=== Begin Enclosure ===

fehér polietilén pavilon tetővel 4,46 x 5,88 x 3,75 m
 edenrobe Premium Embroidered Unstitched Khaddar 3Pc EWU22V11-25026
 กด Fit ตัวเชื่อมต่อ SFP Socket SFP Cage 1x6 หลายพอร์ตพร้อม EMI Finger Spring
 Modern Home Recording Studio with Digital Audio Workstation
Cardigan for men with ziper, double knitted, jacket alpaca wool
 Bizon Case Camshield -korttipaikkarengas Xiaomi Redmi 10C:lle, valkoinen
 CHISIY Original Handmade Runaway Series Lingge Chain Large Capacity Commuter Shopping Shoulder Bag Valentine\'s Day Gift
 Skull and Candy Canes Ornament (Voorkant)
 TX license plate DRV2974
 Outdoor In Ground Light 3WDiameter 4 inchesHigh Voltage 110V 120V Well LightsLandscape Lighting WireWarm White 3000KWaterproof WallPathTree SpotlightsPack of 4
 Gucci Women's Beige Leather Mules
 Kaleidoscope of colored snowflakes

=== End Enclosure ===

Using the records above, write out exactly the lines between the one holding "กด Fit ตัวเชื่อมต่อ" and the one holding "Bizon Case Camshield", inclusive; leave everything else out.

** ANSWER TO THIS PROBLEM **
 กด Fit ตัวเชื่อมต่อ SFP Socket SFP Cage 1x6 หลายพอร์ตพร้อม EMI Finger Spring
 Modern Home Recording Studio with Digital Audio Workstation
Cardigan for men with ziper, double knitted, jacket alpaca wool
 Bizon Case Camshield -korttipaikkarengas Xiaomi Redmi 10C:lle, valkoinen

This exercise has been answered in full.